Some weights of BertForSequenceClassification were not initialized from the model checkpoint at bert-base-uncased and are newly initialized: ['classifier.bias', 'classifier.weight']
You should probably TRAIN this model on a down-stream task to be able to use it for predictions and inference.


Step,Training Loss
10,1.1227
20,1.126
30,1.0433
40,0.9919
50,0.909
60,0.8439
70,0.7091
80,0.5985
90,0.4818
100,0.4064


TrainOutput(global_step=150, training_loss=0.6080288827419281, metrics={'train_runtime': 7130.7407, 'train_samples_per_second': 0.337, 'train_steps_per_second': 0.021, 'total_flos': 631472202547200.0, 'train_loss': 0.6080288827419281, 'epoch': 10.0})

In [10]:
trainer.evaluate()

{'eval_loss': 0.313424289226532,
 'eval_runtime': 48.7889,
 'eval_samples_per_second': 1.23,
 'eval_steps_per_second': 0.164,
 'epoch': 10.0}

In [20]:
Input_blog="Bank managers looking to understand how Blockchain works in the banking industry can benefit greatly from incorporating this technology into their operations. Blockchain technology provides transaction immutability, transparency, and provenance, eliminating the need for trust enforcers and increasing transparency between market participants. By storing immutable records of ownership and enabling secure transfers of assets among distrusting parties, Blockchain enhances trust, transparency, and efficiency in the banking sector. This technology revolutionizes how money and transactions are managed, offering a more secure and cost effective way of conducting financial transactions."


In [21]:
# Preprocess the raw text input for prediction
test_encodings = preprocess_data([Input_blog])

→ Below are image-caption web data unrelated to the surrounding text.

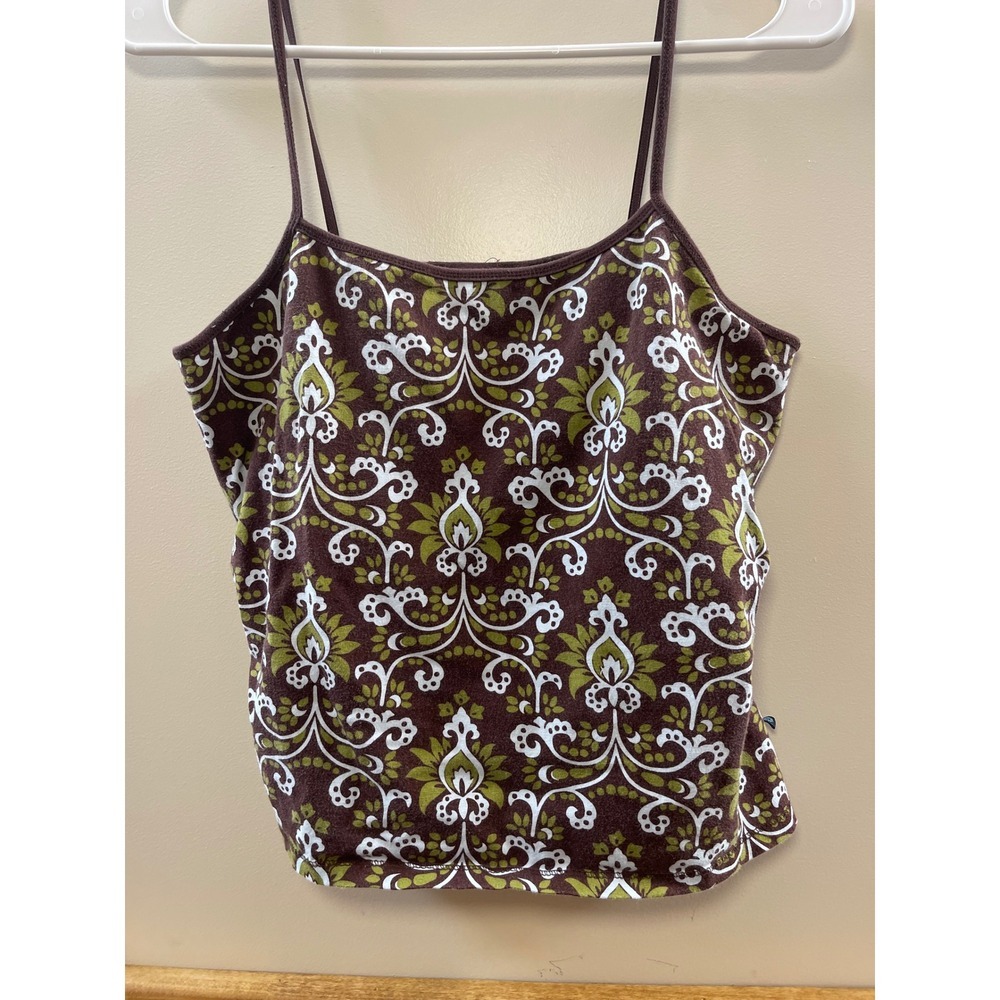 Route 66 Vintage Y2K Brown Green Damask Spaghetti Strap Cami Tank Top XL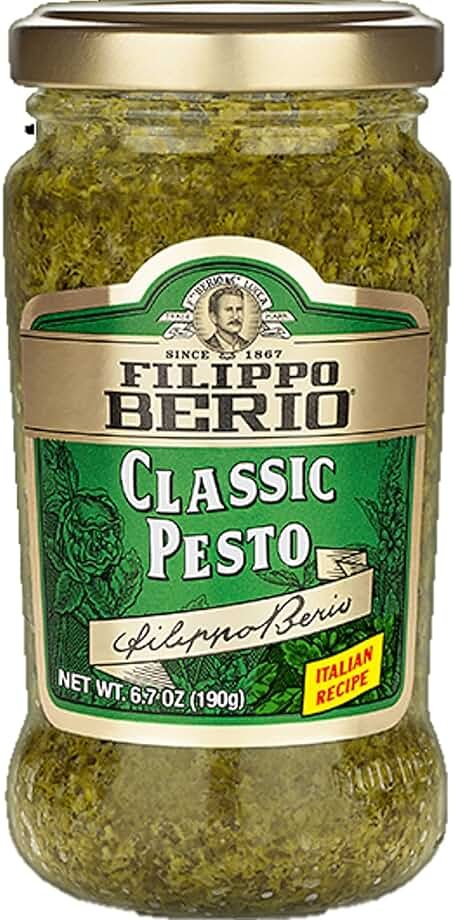 Filippo Berio Pesto, Classic Basil, 6.7 Ounce Glass Jar, Gluten Free, Non-GMO - Product Image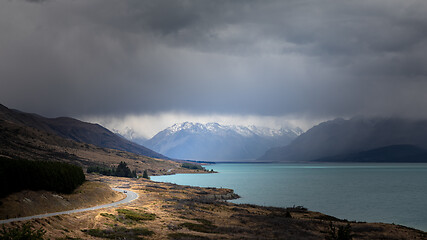 Image showing rainy day at Lake Pukaki New Zealand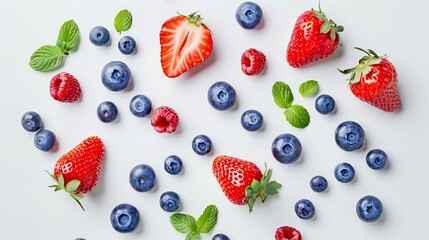 Poster - Fresh berries scattered on a white background create a vibrant mix. The composition includes blueberries and strawberries with hints of green leaves. Perfect for health and food-related content. AI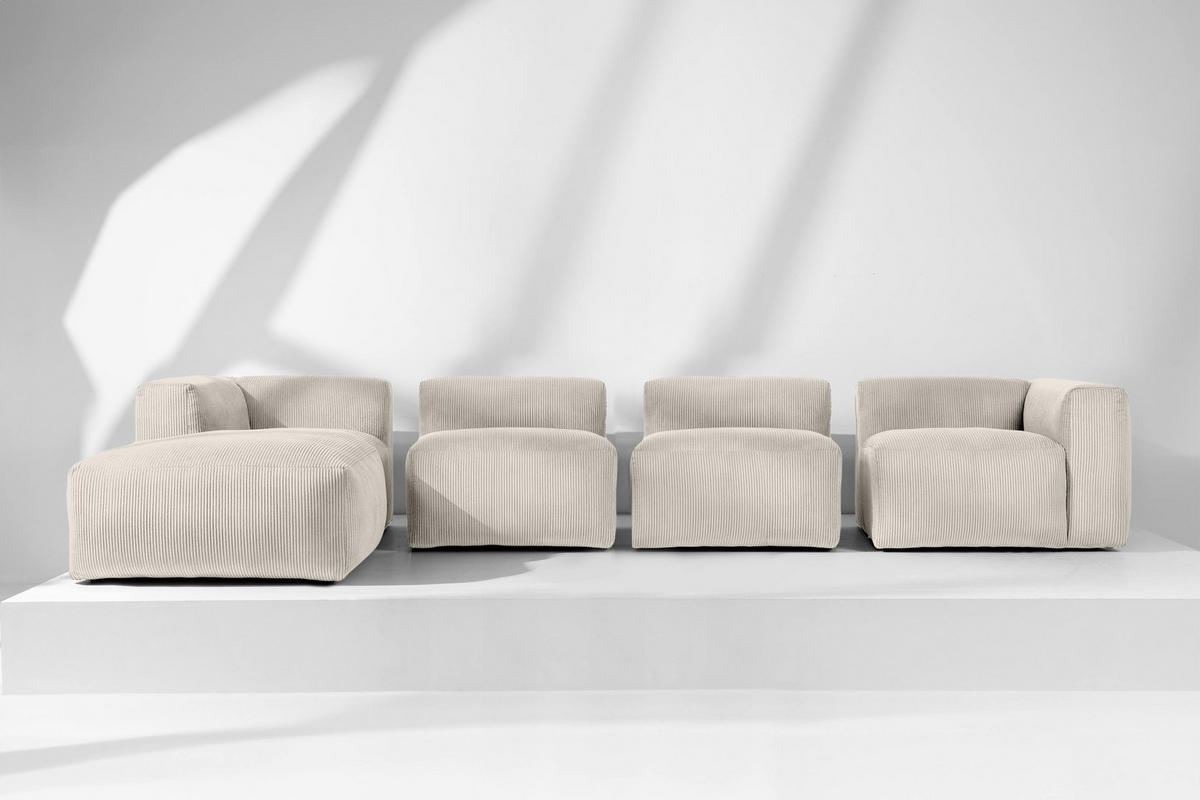 ECKMODULSOFA-LINKS BUFFO 6-Sitzer mit extrem weicher Sitzfläche, Kordstoff, cremefarbig - Creme, Textil (377/180cm) - KONSIMO®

# Create a dummy label for the single input
dummy_label = [2]  

# Create a Dataset object for the single input
test_dataset = EssaysDataset(test_encodings, dummy_label)

# Predict using the trained model
predictions = trainer.predict(test_dataset)

# Convert predictions to binary labels
pred_labels = predictions.predictions.argmax(axis=-1)

# Output the prediction
print("Predicted label:", pred_labels.item())

Predicted label: 2


In [29]:
if pred_labels ==0:
    print("First person perspective")
elif pred_labels == 1:
    print("Second person perspective")
else:
    print ("third person perspective")

third person perspective


In [27]:
#To save the model
trainer.save_model("./model")